RECORDS SHOWN:
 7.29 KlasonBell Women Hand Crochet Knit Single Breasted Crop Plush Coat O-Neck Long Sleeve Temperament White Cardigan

==

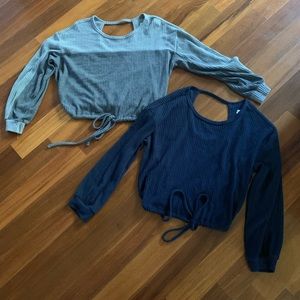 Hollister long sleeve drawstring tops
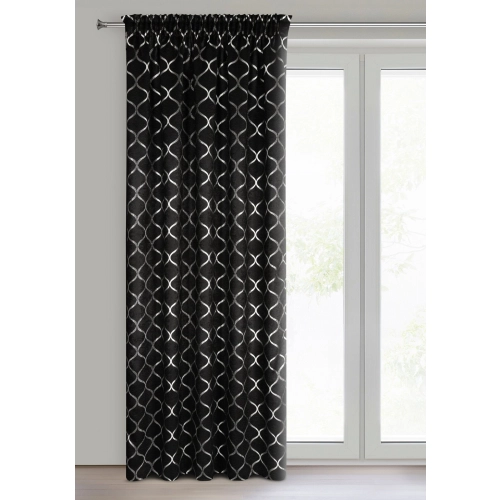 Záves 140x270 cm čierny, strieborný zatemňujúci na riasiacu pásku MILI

...

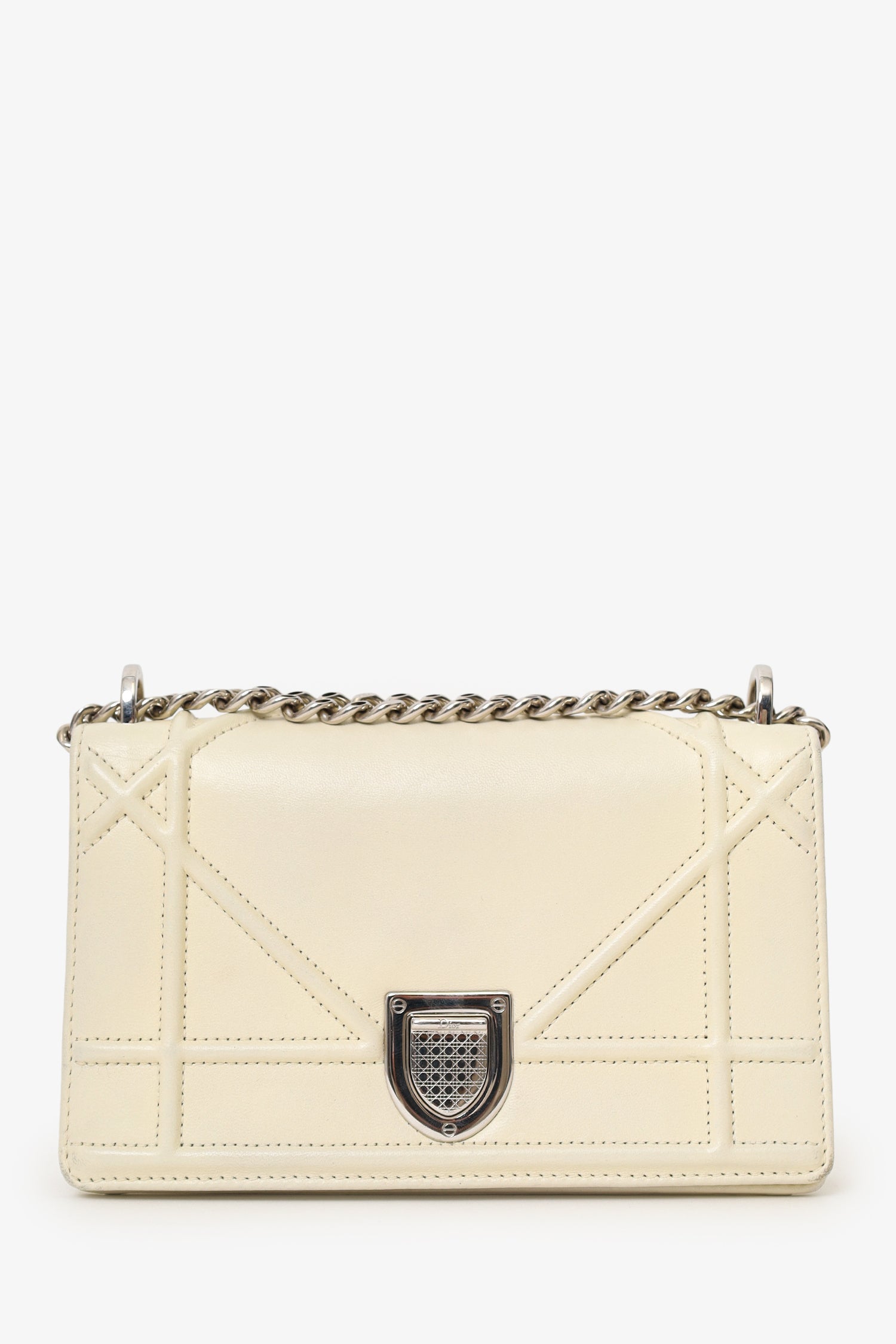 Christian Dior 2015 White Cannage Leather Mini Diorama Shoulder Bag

YOUR INSTRUCTIONS: Using the data above, give again exactly the lines starting at the one holding "Hollister long sleeve drawstring tops" and ending at the one holding "Záves 140x270 cm", inclusive, and nothing more. Omit the pictures.

RESPONSE TO THIS TASK:
 Hollister long sleeve drawstring tops
 Záves 140x270 cm čierny, strieborný zatemňujúci na riasiacu pásku MILI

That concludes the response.